Anne-Marie: Anne-Marie is Marina's best friend. She is a happy and chatty soul with a caring mother and a brother by the name of Trey. Anne-Marie was the first to befriend Marina after her arrival at Arclight and holds her place as Marina's loyal friend throughout the novel.

Tobin Lutrell: Tobin is the teenage son of James Lutrell, a man who was part of the team that was sent to retrieve marina from the Grey. However, while Marina returned, Tobin's father did not. Because of this, up until the very first Red-Wall alarm, Tobin gave Marina a wide berth. After the Red-Wall alarm and the events that progressed afterward however, Tobin and Marina became much closer. Tobin is hotheaded and a dreamer. Despite his outward appearance, he spends much of his time leafing through the magazines in his apartment, gazing at snow globes, and examining the stars.
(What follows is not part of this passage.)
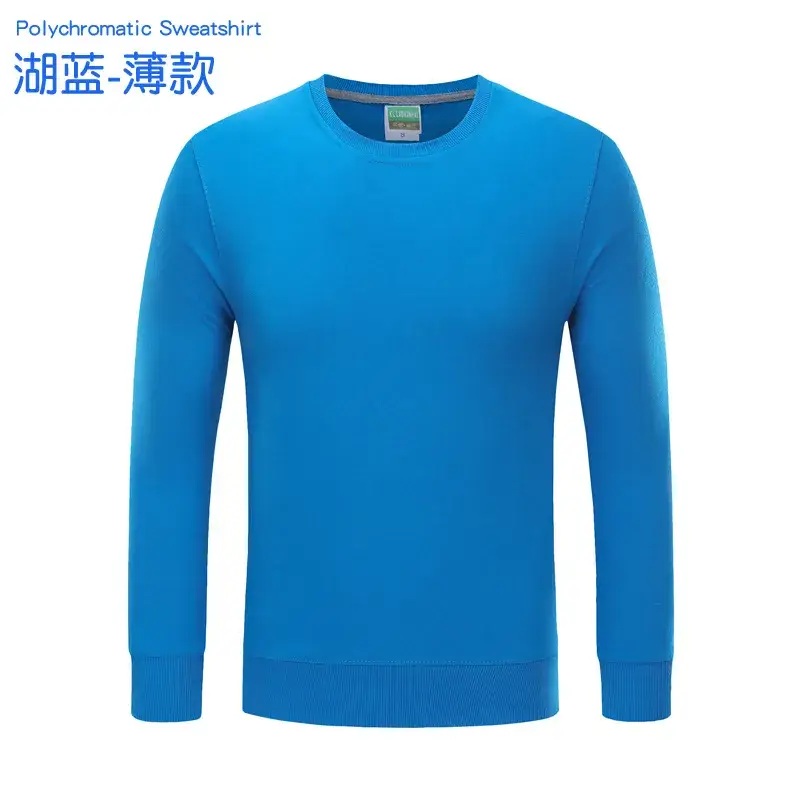 Orange Korean Style Regular Men's Sweatshirt - Image 5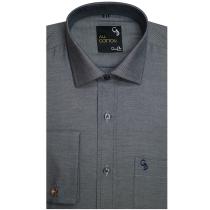Self Design Dark Gray Shirt : Business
Honoria Whit: Honoria is the leader of Arclight, and has been for longer than anyone thought. She was a child when the fall of the world began and humans were forced into shelters. Honoria has a bullheaded nature that prevents her from accepting the Fade in any way, shape, or form. She has spent many years burning horrific scars onto her skin just to rid herself of any lingering contact between her and the Fade from decades ago. Honoria is the culprit between Marina's separation from her past as Cherish. She is on a mission to regain ground against the Fade.